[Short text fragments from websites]

**********

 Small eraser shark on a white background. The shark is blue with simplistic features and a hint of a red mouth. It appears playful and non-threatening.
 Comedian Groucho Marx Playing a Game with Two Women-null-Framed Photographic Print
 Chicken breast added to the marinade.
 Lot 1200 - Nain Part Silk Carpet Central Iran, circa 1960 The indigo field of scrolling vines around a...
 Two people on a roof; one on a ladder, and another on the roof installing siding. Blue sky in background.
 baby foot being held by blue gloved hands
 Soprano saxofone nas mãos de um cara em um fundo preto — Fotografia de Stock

**********

Task objective — All the data is to be copied over exactly as it stands.

Response to this exercise —
 Small eraser shark on a white background. The shark is blue with simplistic features and a hint of a red mouth. It appears playful and non-threatening.
 Comedian Groucho Marx Playing a Game with Two Women-null-Framed Photographic Print
 Chicken breast added to the marinade.
 Lot 1200 - Nain Part Silk Carpet Central Iran, circa 1960 The indigo field of scrolling vines around a...
 Two people on a roof; one on a ladder, and another on the roof installing siding. Blue sky in background.
 baby foot being held by blue gloved hands
 Soprano saxofone nas mãos de um cara em um fundo preto — Fotografia de Stock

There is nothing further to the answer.